Ramos escribía en medio de la Revolución: “Se puede recorrer la obra de filósofos, de los literatos, de los poetas, que escribían en medio del drama nacional, sin encontrar una palabra de desaliento, una sombra de pesimismo radical o de negación absoluta. Nuestros pensadores se adhieren con entusiasmo a toda filosofía que afirma enérgicamente la vida en nombre de sus valores espirituales y se acercan a aceptar su sentido religioso. Su voz es la de la raza hispanoamericana, cuya tradición intelectual es una variación sobre el tema del espiritualismo…”
En medio de dicho empeño filosófico aparecía –aparece- siempre la relación con las culturas influyentes: la europeizante originada con la conquista y los trecientos años de virreinato español, y la vecindad con Estados Unidos.
La primera, que dejó un pueblo diverso, herido y esperanzado en el que se entreveraban la alegría de la libertad y la división secular entre conservadores y liberales –formados casi todos en aulas seminaristas- que pugnaban por procesos de desarrollo enfrentados.
En ese trance Estados Unidos exponía permanentes afanes expansionistas que iniciaron su escalada con la partición de México que perdió Texas, Nuevo México y California y que culminaron a principios del siglo pasado con la política definida como The Big Stick –El Gran Garrote- de Theodore Roosvelt quien refrendó y multiplicó la base de la Doctrina Monroe –“América para los americanos”-.
Junto a la política de El Gran Garrote, se perfilaron gradualmente otros empeños estratégicos: la inculturización a través de dos grandes vertientes: la educación, a base de becas a talentos, y la propaganda que fue incluyendo paulatinamente el cine, la radio, la televisión y en general escritos impresos.

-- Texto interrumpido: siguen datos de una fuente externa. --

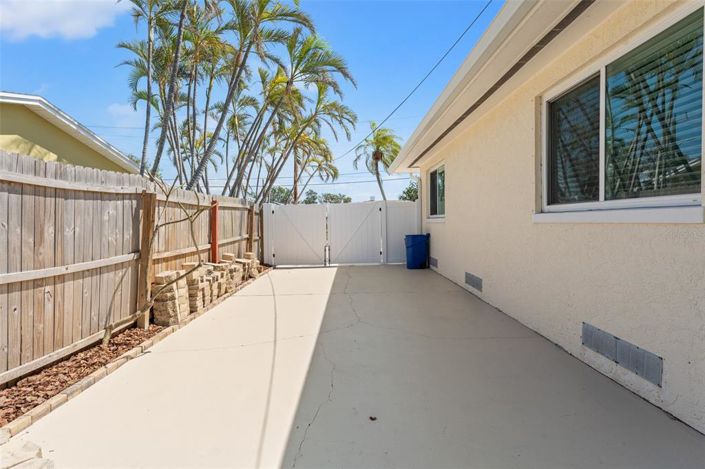 Image No.20-2 Bed Property for sale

Paralelamente se alentaba también la expansión de iglesias pentecostales y otros movimientos religiosos, incluidas sectas, que aligeraban el trabajo neocolonizador.
Hubo una excepción: fue el programa de John F. Kennedy conocido como Alianza Para el Progreso que duraría de 1961 a 1970 y en el que Estados Unidos invertiría 20 mil millones de dólares en programas de ayuda económica, política y social.
El anuncio hecho el 13 de marzo de 1961 ante embajadores latinoamericanos; lamentablemente el asesinato de Kennedy cortó la aplicación del programa.
Finalmente la estrategia estadunidense ha ido dando resultados concretos: muchos medios de comunicación, especialmente los electrónicos y el cine, nos alejan de la reflexión sobre nosotros mismos y de nuestras culturas; los viejos fervores de orgullo nacional han decaído; el alejamiento de otras culturas, especialmente las europeas y asiáticas, se ahonda.
Antonio Caso, Samuel Ramos, José Vasconcelos, Octavio Paz y muchos más, si conocieran nuestra realidad de hoy, seguramente desconocerían sus escritos filosóficos y pensarían que el país en que vivieran habría sido solo un sueño.